Aku, aku lahir di tengah keluarga biasa saja, menjalani hidup dengan biasa dan cara biasa. Aku seperti orang kebanyakan, suka makan nasi, suka gorengan, suka nonton tivi dan suka diajak rumpi. Aku suka mendengar orang-orang tua berkisah tentang masa lalu, sebuah historis yang semakin lama semakin dilupakan, karena hanya sekedar dijadikan pelajaran hafalan di sekolahan.
Aku suka mendengar buyut bercerita tentang masa kecilnya, tentang tentara Jepang yang selalu memburu, tentang padi-padi dan sapi yang dibiarkan berceceran, tentang senapan yang menembak bertubi-tubi menakuti, tentang pesawat terbang, dan tentang rumah yang terbakar. Buyut menceritakan kepadaku berulang-ulang karena aku selalu memintanya ketika liburan sekolah atau ketika waktu lengang dan aku tidak bosan mendengarnya.

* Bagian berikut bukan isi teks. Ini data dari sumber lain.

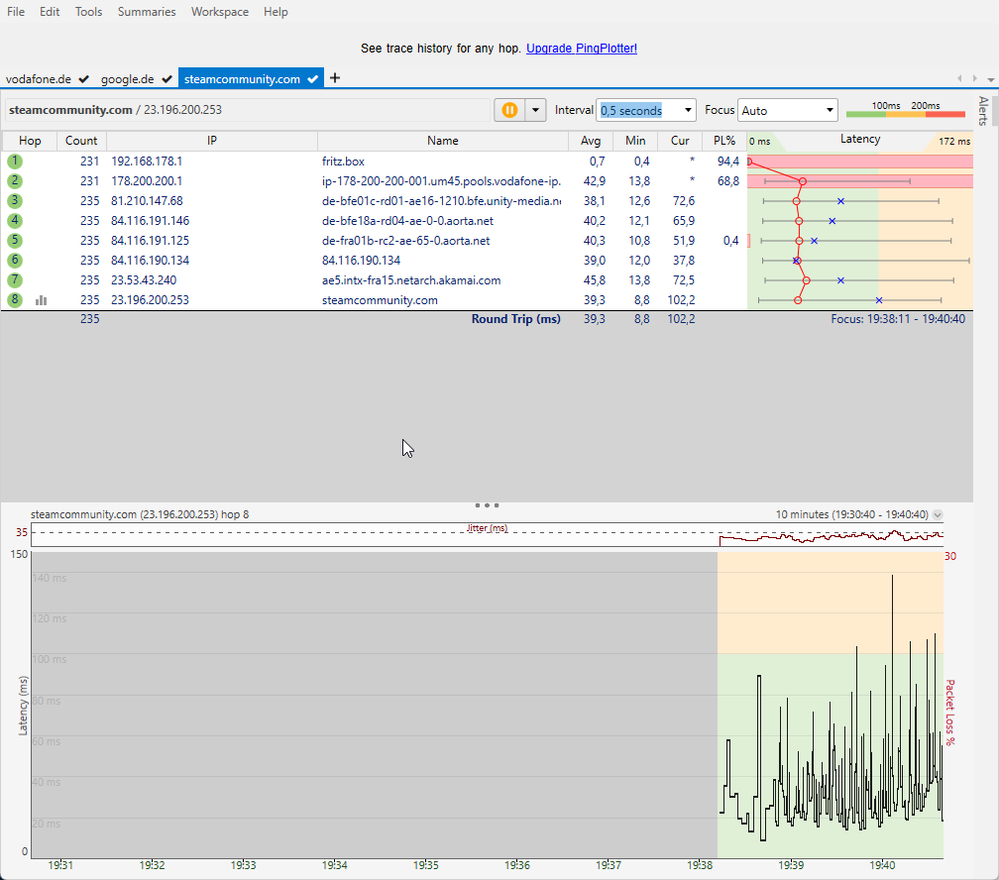 PingPlotter Steam #8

Ketika beliau bercerita aku akan rebah di pangkuannya yang renta sambil menutup mata. Aku akan membentuk film tersendiri pada layar mataku, berada pada waktu dan kejadian yang diceritakan buyutku. Aku lebih mudah membayangkan cerita versi buyutku ketimbang membayangkan isi buku sejarah yang aku pelajari dari SD sampai bangku kuliah. Cerita versi buyutku lebih memiliki ruh, ada jiwa keaslian yang dituangkannya padaku ketika mendengarnya. Bukan cerita kaku yang menjelaskan tanggal-tanggal penting tanpa catatan. Rasanya aku belum pernah membaca buku sejarah dengan penuturan yang imajinatif dan mudah dirasakan.

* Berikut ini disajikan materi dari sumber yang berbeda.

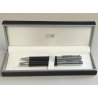 Niji PARURE PENNA Stilografica & Sfera CARBONIO set FOUNTAIN PEN + BALLPOINT PEN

Cerita buyutku memiliki ruh mungkin karena cerita itu begitu dekat denganku. Letupan senapan, mayat-mayat bergelimpangan itu mungkin ada di bawah kakiku ketika aku mendengar cerita itu sehingga roh-roh yang tertinggal di sana menghidupkan kembali kisah itu ketika disyairkan buyutku. Alasan itulah yang juga menjadi dasar salah satu dosen matakuliahku untuk membuat bahan ajar yang sebisa mungkin dekat dengan kehidupan anak, sehingga roh-roh itu bermunculan dan menguatkan isi dari cerita sejarah itu.
Sekarang aku pikir mungkin dosenku benar, dan memang benar. Kita belajar dari hal-hal yang paling dekat dengan kehidupan kita, memaknainya dan menyimpannya dalam otak. Begitupun sejarah. Akan lebih baik mempelajari sejarah yang dekat dengan kehidupan kita, mempelajari sejarah bagaimana keluarga kita bisa ada, lalu berlanjut bagaimana desa kita bisa terbentuk. Mempelajari siapa saja pahlawan-pahlawan yang telah gugur demi desa kita. Bukan berarti rasis dan hanya mengelukan desa kita, tapi memang sejarah bukanlah sebuah hafalan. Bukankah lebih mudah memaknai apa yang ada di hadapan kita, ketimbang memaknai sesuatu yang belum kita kenal sebelumnya. Toh, inti dari sejarah adalah bahan belajar. Belajar dari kesalahan dan belajar dari kebaikan yang ada di dalamnya. Dan aku yakin setiap sejarah dimanapun dia pasti memiliki keduanya. Tidak akan mungkin ada sejarah yang full hanya berisi keburukan, pasti di dalamnya ada nilai-nilai kecil kebaikan yang ingin didapatkan. Dan tidak mungkin sejarah berisi seratus persen kebaikan, karena pasti tetap ada kesalahan-kesalahan untuk jalan menuju kebaikan.
Sejarah bukan suatu hafalan untuk mengukir angka delapan atau sembilan. Pelajaran sejarah diadakan untuk belajar merajut masa depan, bukan dilupakan dan ditelantarkan. Bukannya dilarang move on, dan selalu membicarakan masa lalu, tapi tanpa masa lalu akankah ada masa sekarang dan masa depan. Semua tetap diawali dari masa lalu.